We first saw the ASRock Rack X470D4U at Computex. This is an mATX platform that is designed to take these consumer-focused chips and integrate them into cost-sensitive server segments.

ASRock Rack X470D4U Computex 2019
ASRock Rack X470D4U Computex 2019

We are going to have reviews of both the X470D4U and the 10Gbase-T version of the board in the near future on STH with some deeper insights into the platform.

ASRock X470D4U CPU Socket And Memory
ASRock X470D4U CPU Socket And Memory

After doing the reviews that will be published soon, we think that the Ryzen 5 1600 AF is a good match for this platform if you want to create a low-cost Core i3/ Xeon E-2200 competitor. There are, of course, some big caveats there.

Next, we are going to take a look at benchmarks before getting to some of the market analysis.


  1. John,

    Why didn’t you include a Ryzen 5 2600 in the mix?

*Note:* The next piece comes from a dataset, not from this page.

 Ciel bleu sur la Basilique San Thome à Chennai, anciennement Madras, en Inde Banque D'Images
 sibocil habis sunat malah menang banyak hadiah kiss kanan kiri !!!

    The 1600 AF is often likened to a 2600 from a performance point of view.

  2. I’d like to have seen the 16c Ryzen. BinkyTo I don’t see the point of the 2600. The 1600AF is so close and the 3600 is newer and better at the price. Maybe for completeness but I can’t see buying a 2600 over a 1600AF or 3600.

  3. BinkyTo and Nate77,
    I am reviewing the X470D4U class boards, and ran the benchmarks for this article. The trio of CPUs we had available to us were the original 1600, the 1600 AF, and the 3600; the idea being to cover each of the three Zen generations and simply make sure all was well from a software compatibility standpoint. Performance can scale up (or down) with core count if you move away from the 6C solutions within any of the three generations of the Ryzen CPUs, so we wanted to make sure that all three generations were tested.

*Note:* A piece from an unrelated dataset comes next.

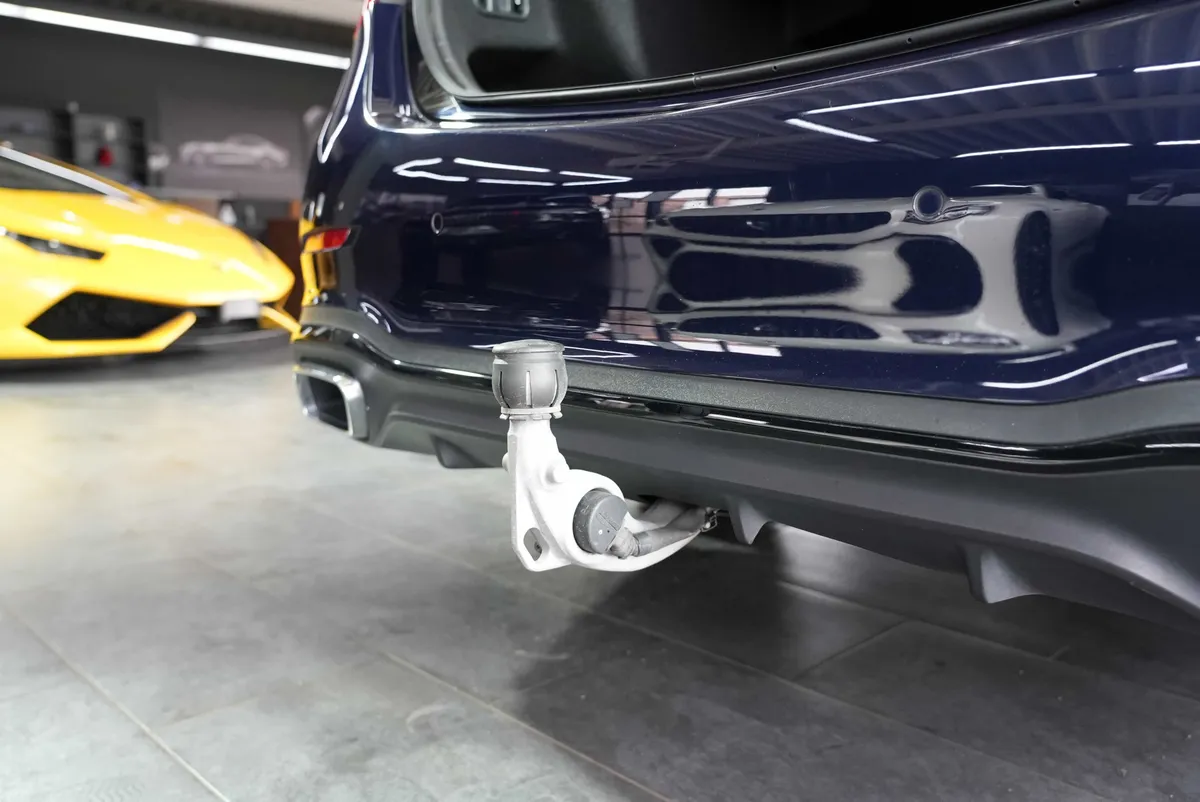 Mercedes-Benz C 300 AMG Line - Image 14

  4. It’s a bit like iOS it’s not supported by the big server vendors such as Dell EMC, HPE, Inspur, and Lenovo and when your server workloads depends on vendors like Dell EMC, HPE, Inspur, Lenovo and Apple you know that your in deep sh*t. It’s a bit like when your IT depends on ORACLE. It’s a good thing that companies like AsRock, Gigabyte, Tyan, etc.. give us the opportunity to not be in the hands of corporate companies like the NSA and CIA(Cisco and Juniper) or Intel, Dell EMC, HPE, Inspur, Huawei, Lenovo, Apple etc.., with these big brands you are in certified sh*t.

  5. Just completed a new build with E2246G. Software vendor support was main reason why I chose intel. Though I may consider a pfsense box with this CPU.

  6. Gee whiz. If you were writing an article about a jellied eel, you’d still start the wrap up page with “These chips are not released in a vacuum instead, they have competition on both the Intel and AMD sides.”.

  7. “ ASRock Rack has an X570 version of this Ryzen server platform coming, but the chipset uses much more power.”

    So we’re getting a X570D4U soon? That’s the first I’ve heard of that.

  8. Personally I would build with a Ryzen 2700E if I could get something like that with integrated graphics. That is one of the reasons the E2176G and E2278G are so compelling, coupled with broad based support for Intel.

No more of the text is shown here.